As if the 3600Lb Lotus wasn't enough, the new Elise is heavier with "more luxury" (and more ugly). And now a 4-door Hybrid Lotus. Really? Now can I claim that Lotus is truly dead?

RossD
RossD Dork
10/1/10 9:58 a.m.

This is their "jumping the shark".

Schmidlap
Schmidlap Reader
10/1/10 10:21 a.m.

This is their "holy crap, we're no longer the only player in the 'super light, stripped down car targeted at 0.000001% of the public' segment and the novelty has certainly worn off the Elise so it isn't selling nearly as well as it did when we introduced so we need to do something to keep from going out of business, and maybe we can flourish like Porsche did when they expanded their model line beyond their traditional market".

Lotus has a plant that is designed to build 10,000 cars a year. They had sales of 4135 units in 2004, 2633 in 2006, and 2280 in 2008. They were supplementing their own sales with building cars or chassis' for Tesla and Opel, but only Tesla's still doing that and they want to build their cars entirely on their own. So you've got a plant building at 20% of capacity. Do you know what happens to a plant that is designed to build 10,000 cars but only builds 2,000? Ask any number of unemployed GM, Chrysler or Ford employees and they can tell you all about over capacity, and how it drives a company to bankruptcy if it's not corrected.

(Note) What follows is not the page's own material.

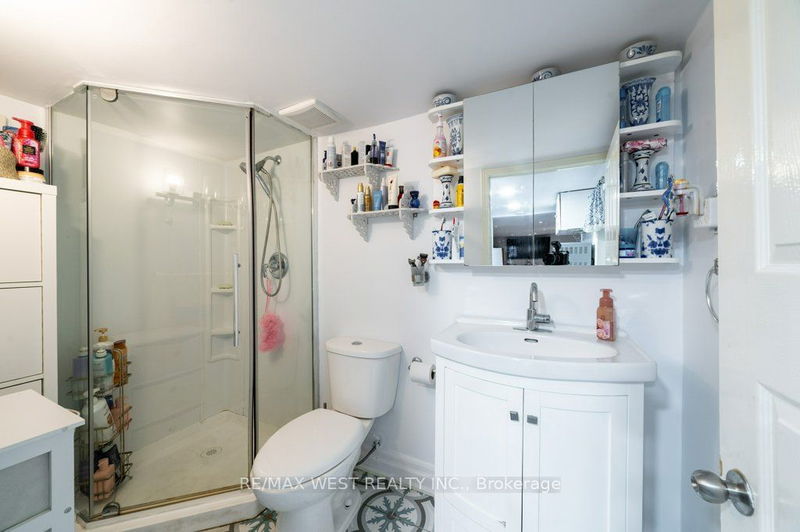 13 Rolyat St  Toronto, M6J 1S5 | Image 22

Can I counter all this doom and gloom about Lotus with the 3190lb, 620hp KERS equipped 2013 Esprit?

http://www.insideline.com/lotus/esprit/lotus-esprit-concept-2010-paris-auto-show.html

Bob

oldsaw
oldsaw SuperDork
10/1/10 10:29 a.m.

In reply to Schmidlap:

Quit making sense, Bob!

gamby
gamby SuperDork
10/1/10 10:37 a.m.

Well, the Cayenne put Porsche in the black enough to keep them making the "cool" cars, despite the hatred of the enthusiast community.

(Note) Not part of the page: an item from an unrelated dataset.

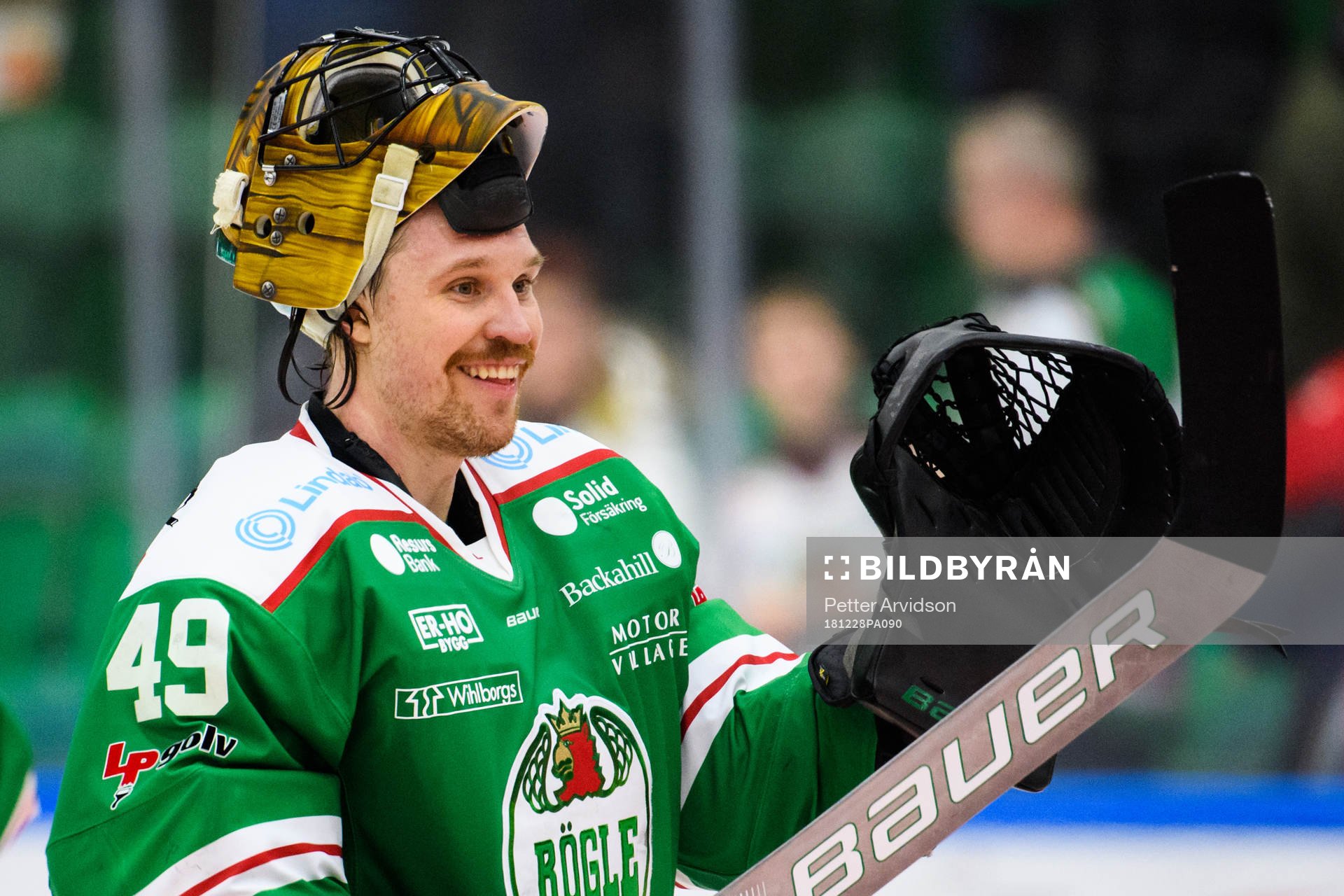 Rögles målvakt Justin Pogge jublar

If it does the same for lotus, then fine.

kreb
kreb GRM+ Memberand Dork
10/1/10 10:49 a.m.

I've been seeing so much Lotus hate here and Jalopnik. FWIW, as long as they don't overextend and kill the company in the process, I'm basically good with it. $45,000 Elises were hardly an everyday man's car anyway. I'd suggest that if someone has the joneses for traditional Lotus virtues, there's a number of other companys who've moved into that nitch: The Seven replica industry, the kit-car industry including but not limited to Atom and Factory Five, the X-bow, et cetera.

Javelin
Javelin GRM+ Memberand SuperDork
10/1/10 10:52 a.m.

Did I mention that only one of the new 5 models can even be had with a manual?

Oh and the Porsche argument is crap. The Boxster is what allowed them to stay in business, the Cayenne money was used to try and buy VW and look how well that turned out for them. The Cayenne and Panamera make me sick. Porches died awhile ago and just didn't know it till VW took them back over.

tuna55
tuna55 Dork
10/1/10 11:24 a.m.

I am not a fan of any of them. Odd, though, when the Lambo concept weighs less than most of the Lotii. Personally, I can see the Esprit line as a halo car, pricey with gadgets to compete with the 458 or whatever, the Evora pretty much as is and the Elise as is. The only thing I'd add is a super low cost car. Make a modern 7 with a body, cheap everything, but four seats. Make it do what the Datsun 240Z did to the Camaro/Mustang whatever. Make people cross shop it for typical 30K-40K performance-ish stuff. That is a goal they can actually accomplish. Trying to make what they conceptualized at Paris is going to break them.

nderwater
nderwater HalfDork
10/1/10 12:58 p.m.
bravenrace
bravenrace Dork
10/1/10 1:14 p.m.

Lotus should do whatever Lotus needs to do to survive and thrive. They currently aren't thriving on lightweight bare bones sports cars, so it shouldn't surprise anyone that they decided to go a different direction. Yes, it's counter to Colin's philosophy, but business is business, and things change with time. I wonder how many of the critics here have purchased a new Lotus? (I don't really want an answer to that.)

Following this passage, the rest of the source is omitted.